• Exercise inputs
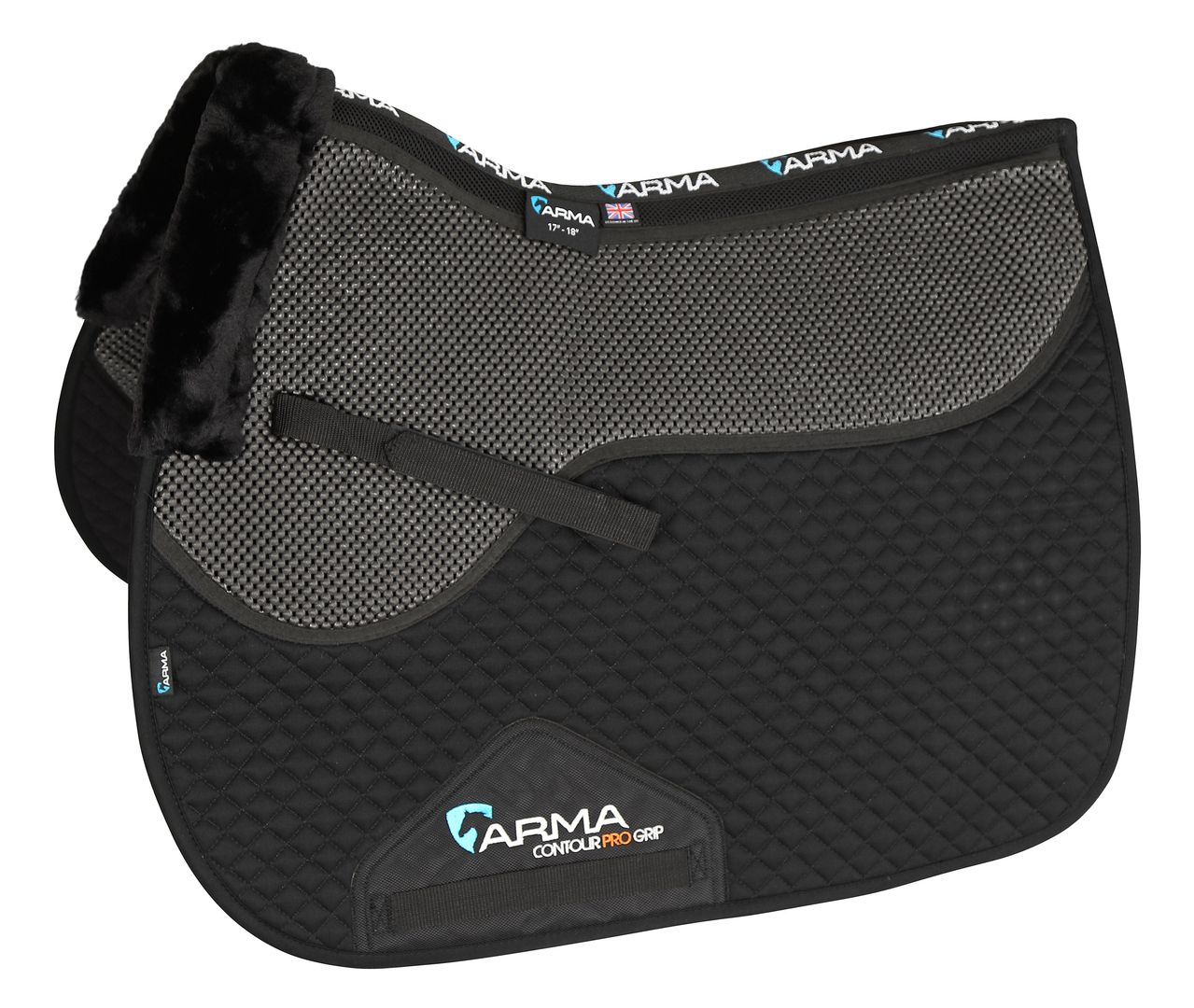 ARMA Soft Grip Saddlecloth - Black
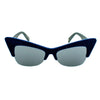 Italia Independent Blue Acetate Sunglasses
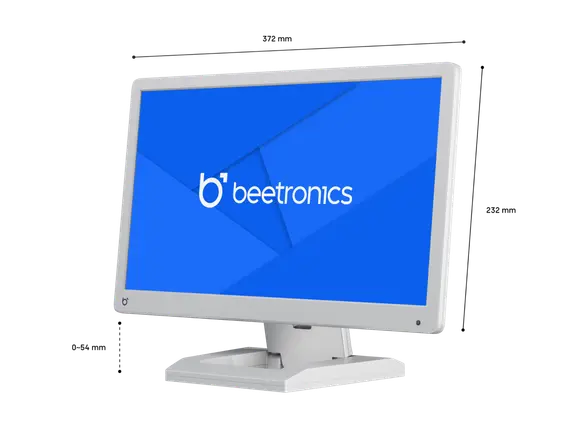 Monitor 15 Pollici (Bianco)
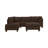 Trusha Upholstered L-Shaped Sectional Reversible-1971100212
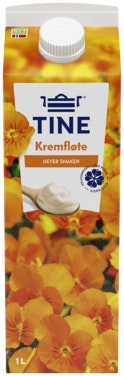 Bilde: © Tine / Oda Tine Kremfløte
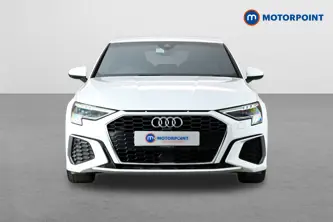 Audi A3 S Line Automatic Petrol Hatchback - Stock Number (1658420) - Front bumper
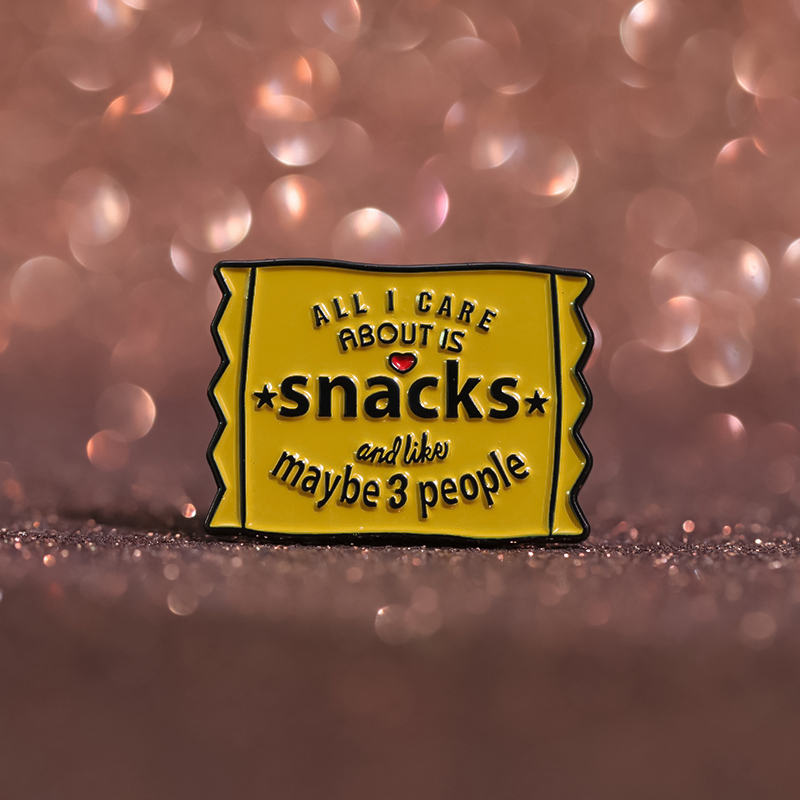 Introvert Foodie All I Care Ab - đánh giá và giá Junk Food Snacks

• Your instructions
Pictures stay out of the answer; the rest of the listing above is returned exactly.

• Result for this exercise
 ARMA Soft Grip Saddlecloth - Black
 Italia Independent Blue Acetate Sunglasses
 Monitor 15 Pollici (Bianco)
 Trusha Upholstered L-Shaped Sectional Reversible-1971100212
 Bilde: © Tine / Oda Tine Kremfløte
 Audi A3 S Line Automatic Petrol Hatchback - Stock Number (1658420) - Front bumper
 Introvert Foodie All I Care Ab - đánh giá và giá Junk Food Snacks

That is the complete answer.